Comments have now been closed for this article

  • testli5504537 on October 1, 2008, 19:45 GMT

    Hoggy has been brilliant for England. Not always the most fashionable, but as Vaughan once said, he'll bowl all day for you. He had a huge heart and always gave it all. A great shame, but it's good news for Yorkshire.

  • testli5504537 on September 13, 2008, 2:04 GMT

    To develop Chris's point, England's next Tests are in India. It's quite likely that Broad will make way for Samit Patel, which with Flintoff and Panesar leaves two places, currently filled by Harmison and Anderson. Next in line must be Sidebottom. And, if the selectors are to be believed, Pattinson.

    Hoggard hasn't been bowling well enough to grab headlines for Yorkshire this season. He isn't the bowler he was - and while he can still be a force in county cricket, he won't be dangerous to quality Test batsmen.

    Two or three years ago, he was a very good bowler indeed, but time marches on.

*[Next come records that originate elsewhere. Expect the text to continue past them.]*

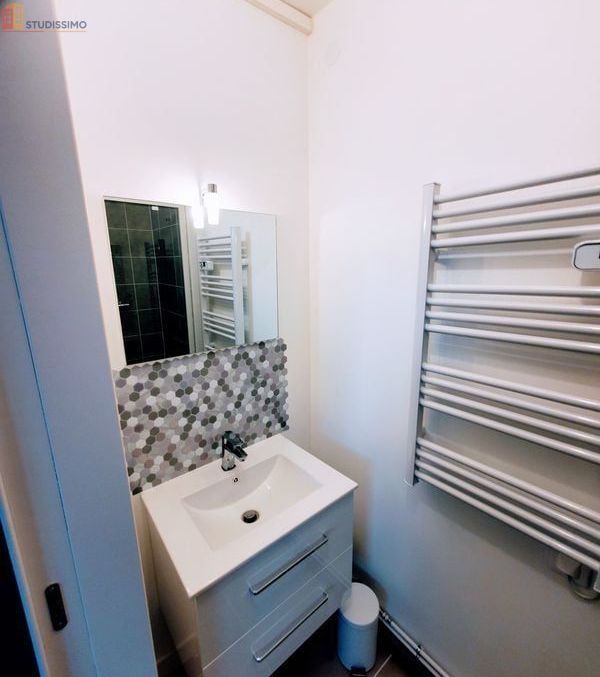 Studio meublé 28m² Grenoble centre - Lumineux, 4e étage - Photo 12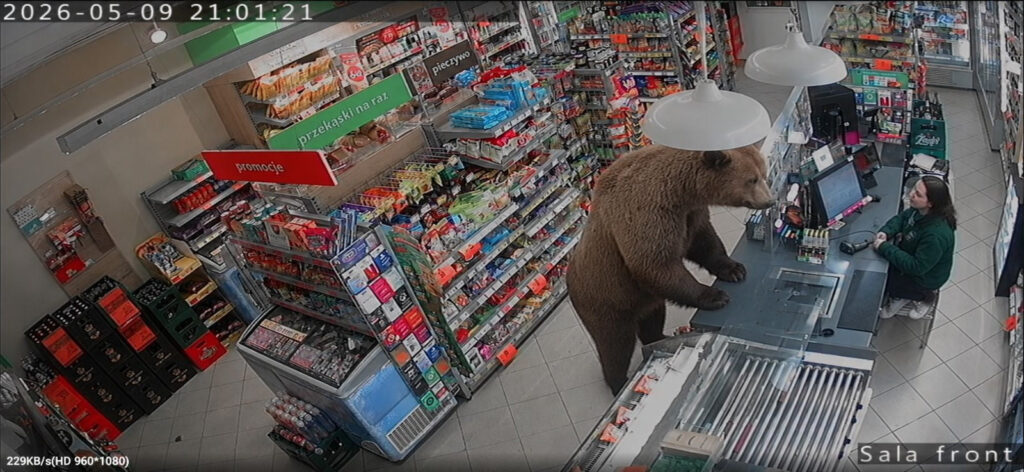 Niedźwiedź w żabce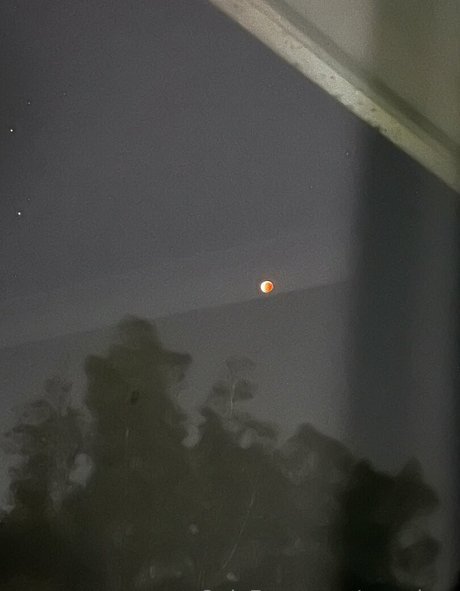 pzz drey onlyfans public photos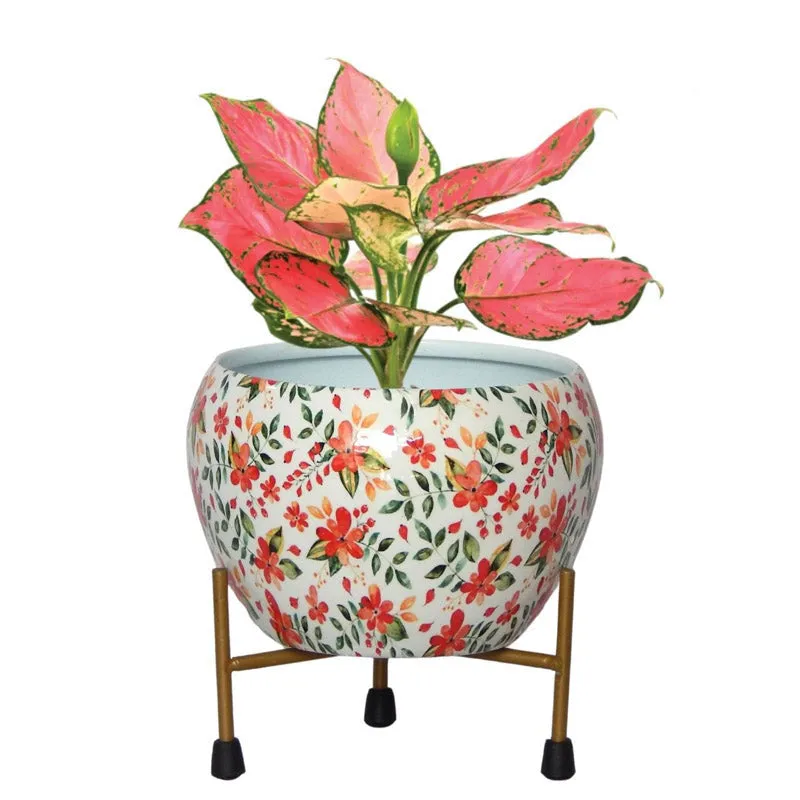 Julietta Peach Floral Planter With Stand media 3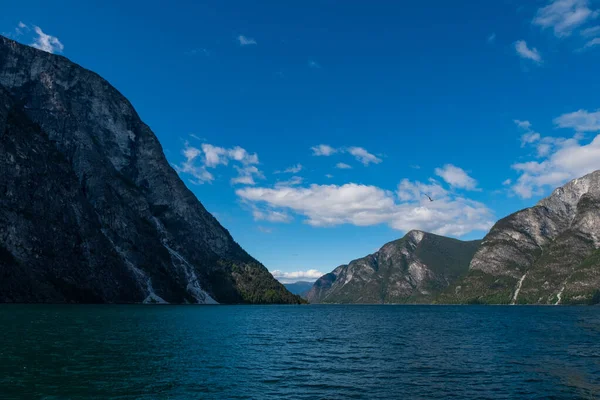 El fiordo de Aurlandsfjord, una rama estrecha y exuberante del fiordo más largo de Noruega, el fiordo de Sognefjord. Julio 2019 —  Fotos de Stock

  • testli5504537 on September 13, 2008, 0:36 GMT

    It is with some regret that I agree Hoggard's international days have met their denouement, however, he simply is not amongst the best three specialist seamers England could now select. Harmison has always had the potential, and rudiments, to be far more effective than Hoggard, whilst Anderson and Broad offer far more as bowlers than does Hoggard. He is the superior new ball bowler at present, however, he lacks the pace, and crucially bounce, that Anderson and Broad provide. Given, then, that steepling bounce remains the finest attribute a seamer can have, accuracy notwithstanding, Hoggard simply cannot be selected.

  • testli5504537 on September 12, 2008, 19:14 GMT

    Are you kidding me? Hoggard, not quite world class? Well that's like saying Rahul Dravid, not quite a legend. Hoggard is as world class as Rahul Dravid is a legend.

  • testli5504537 on September 12, 2008, 18:52 GMT

    Hoggard has been treated pathetically. If I recall, he actually only failed in 2 innings (one in SL and then followed it up with one in NZ) where he had something like 1/120. He got injured after the series (at home) against WI and then turned up in SL where he failed in 1 innings.

    Anderson is far too inconsistent. He still has a couple of years to go to be counted as a reliable swing bowler.

  • testli5504537 on September 12, 2008, 17:06 GMT

    Dont start writing tributes too soon. James Anderson is too inconsistent, Steve Harmison has just played 4 decent ODI's and Stuart Broad lacks Test Match class. England required a Hoggard in India. Sadly they wont have him here. 2-0 awaits

  • testli5504537 on September 12, 2008, 16:59 GMT

    England's obsession with pace has caused Hoggard to fade away from the limelight. He has been their most consistent bowler for the past 3 years although the faster, bigger bowlers took all the headlines( even when they are not performing). I suspect the same fate will be bestowed on Ryan Sidebottom who has carried the majority workload for the past year and everyone tends to forget that after one-off one-day series victory against a ageing SA side. IMO Hggard still has to be among the top 4 english bowlers along with Freddie, Ryan and Jimmy.